A strong online presence is vital to any attempt to get a community to adopt a new platform, but an offline presence can make the connections users form online tangible in a more powerful way. Some community managers use meetups to build community. We insinuated ourselves into our college community’s daily routine with public “office hours” held twice weekly in the library lobby.
(That’s Brent holding office hours. Note his positive demeanor and our tasteful sign.)
In our ongoing quest to convert community members into Switchboard users, office hours were a must. They projected the message that, no matter what the time or need, Switchboard is there to help.

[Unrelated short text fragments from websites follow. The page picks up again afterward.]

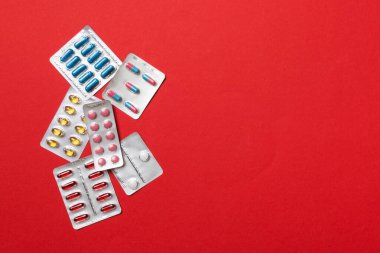 Masa arkasında koruyucu yüz maskeleri, cerrahi maskeler, ilaç hapları ve termometre. Coronavirus hastalığı. Corona virüsü konsepti. Metin için boşluk.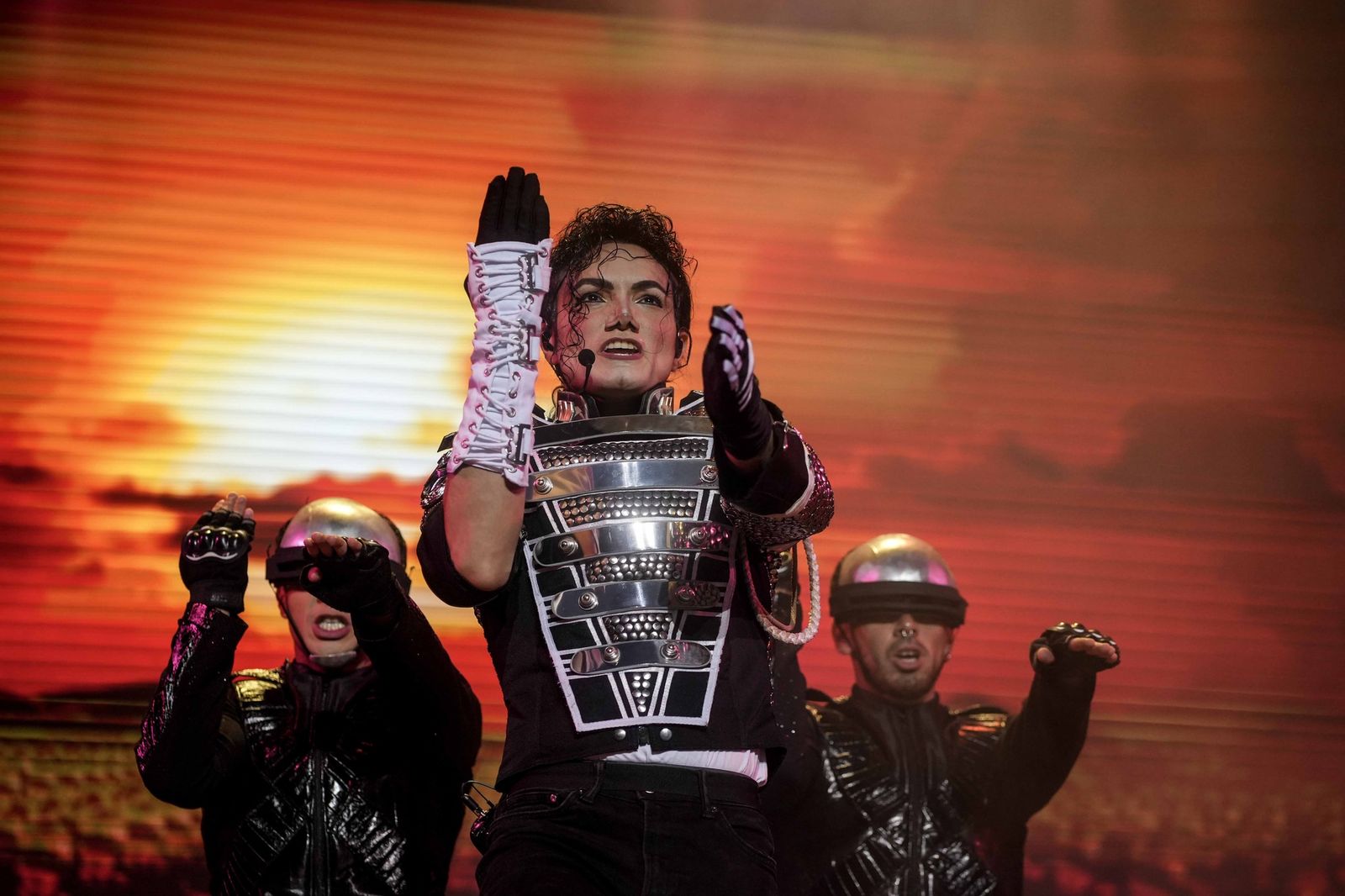 El espectáculo 'This is Michael, en el Teatro de la Axerquía, en imágenes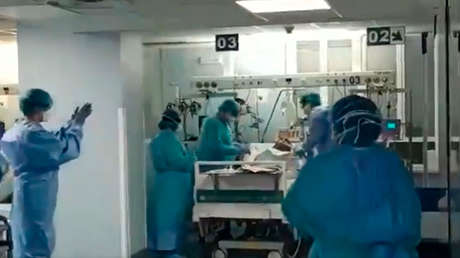 VIDEO: Emotivo momento en que retiran la respiración artificial a un paciente con coronavirus en España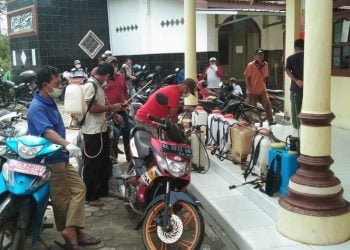 NEW NORMAL DESA. Para warga Desa Sabahbalau, Kecamatan Tanjungbintang, Lampung Selatan, bersiap melakukan penyemprotan disinfektan ke rumah-rumah warga dalam masa new normal untuk mencegah penyebaran virus Covid-19 beberapa hari yang lalu. n ISTIMEWA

We also regularly used our office hours as the staging ground for larger efforts, like the Valentine’s Day project pictured below. (We took on Valentine’s Day as the adopted holiday of our Switchboard. Grounding our Switchboard in the community calendar well complemented our efforts to ground it in our community’s space.) It’s a lot easier to get someone’s attention when they expect you to be there.
Most importantly, our office hours made Switchboard a part of the landscape, so to speak. Our community’s Switchboard wasn’t abstract anymore; it wasn’t only a website. It was present in the real world, and members of our community could ask us questions and make recommendations. Our being there to help and receive feedback helped the community feel ownership of Switchboard. We weren’t administrators—we were public servants.
The face-to-face interactions we had with members of our community, the traditions we founded and relationships we forged, taught us that Switchboard is less about interface than it is about love. (The two, of course, aren’t mutually exclusive, perhaps even the opposite, but you get the point.)